Rythmik L12 or F12


Experience or knowledge of these compact, sealed subs...? Looking to buy a pair. Is there a significant difference between the two? About a $700 up charge for the F12s. To be paired with Salk Silk monitors...
larseand

Showing 2 responses by bdp24

Rythmiks are gaining a reputation amongst planar speaker owners, particularly Maggies. Most subs are designed for home theater, but Rythmik owner/designer Brian Ding is concerned first with music reproduction. The co-designer of the paper-coned woofer in the F12G, Danny Richie of GR Research, is a hard-core audiophile---OB woofers and speakers, tube amps, perfectionist sensibilities, worked closely with tube amp maker Gary Dodd (R.I.P.). Danny & Brians OB/Dipole Subwoofer is, as preciously stated, State-Of-The-Art. But it is available as a DIY kit only, the user needing to build or have built the OB/Dipole H-frame into which the dual 12" woofers (the free-air version of the woofer in the Rythmik F12G) are installed.
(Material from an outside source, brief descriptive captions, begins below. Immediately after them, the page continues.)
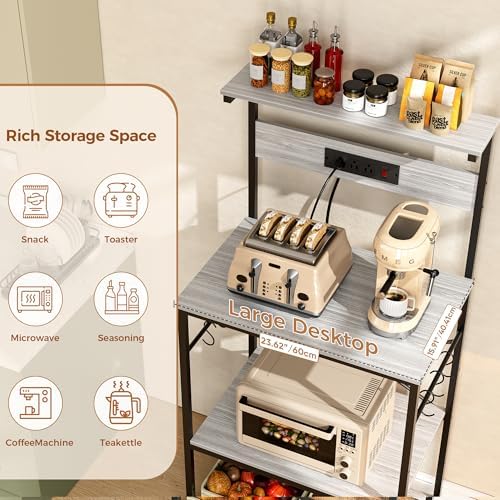 VUSIGN Kitchen Bakers Rack with Power Outlet, 4 Tiers Microwave Stand with Storage, 23.6 Inch Coffee Bar Station with 6 S Hooks, Adjustable Shelf Rack for Pots/Pans/Spices, Gray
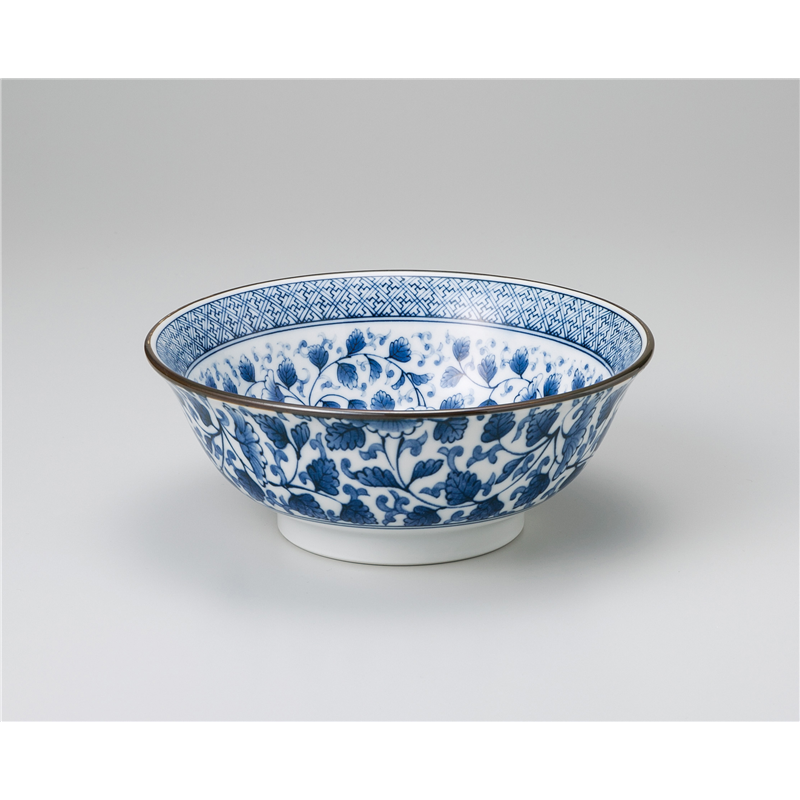古林陶器 中華単品 藍染牡丹6.8ラーメン丼 1069640101 1個(ご注文単位1個)【直送品】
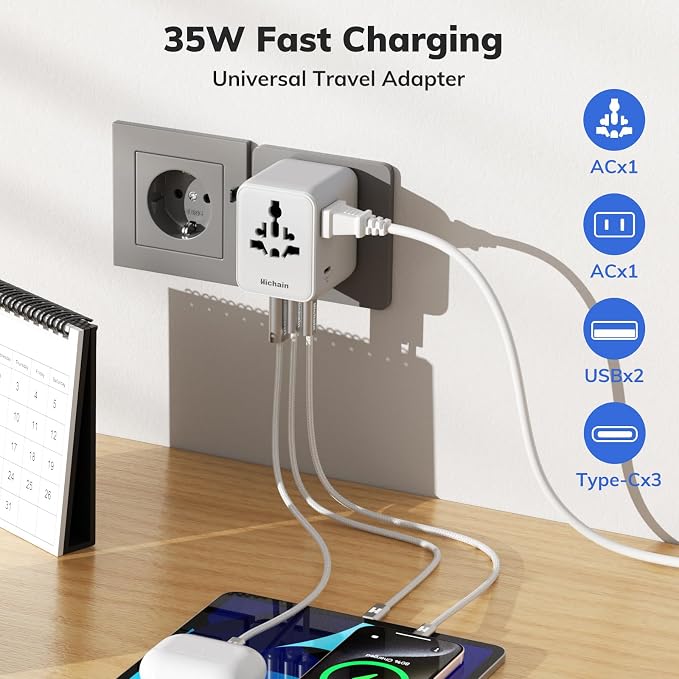 Hichain 35W Universal Travel Adapter, 7-in-1 International Power Adapter | Fast Charging Adapter for Europe Plug Universal Power Block, GaN Travel Adapter Worldwide Portable Plug for EU, UK, US, AUS
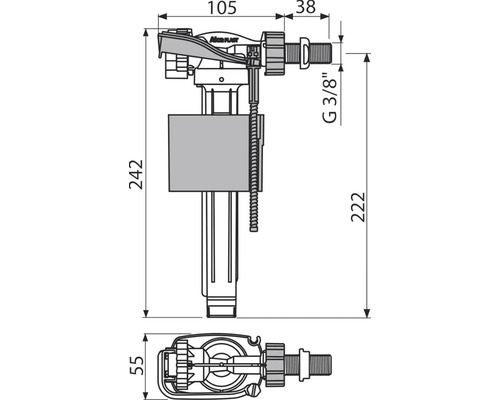 Technický nákres plovákového ventilu s rozměry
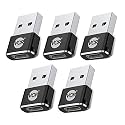 USB Type C Female to USB Male A Adapter, 5 Units Pack, Black Mini USB C Type Adapter Charger, Charging Cable Adapter for All Mobile Devices, Laptops, MacBooks and iPad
The Rythmik L12 and F12 have these things in common: They were both designed by Brian Ding, owner of Rythmik, a very knowledgeable and talented designer. They both have 12" drivers. And they both have the Rythmik Direct Servo-Feedback circuit built into their plate amps. But the amp itself is different in the two, as are the drivers, whether aluminum or paper coned (aluminum in the Rythmik F12, paper in the F12G, the G designating GR Research, whose Danny Richie worked on the development of the driver with Mr. Ding, as well as on the State-Of-The-Art GR Research/Rythmik Open Baffle/Dipole Direct Servo-Feedback Subwoofer, the only sub of it’s type in the world, and the best. Except for the Eminent Technology Rotary Subwoofer, of course!). And the enclosures are different. They both share the Rythmik "house sound"---stopping on a dime, as they say. No bloat and boom, lean and clean. The controls (PEQ, x/o, phase, damping) on the F12 are more extensive as well.

The choice is, as always, a matter of how much you have and are willing to spend. Jim Salk installs the F series Rythmik subs in his bigger speakers, and builds custom enclosures for both the F12 and F15.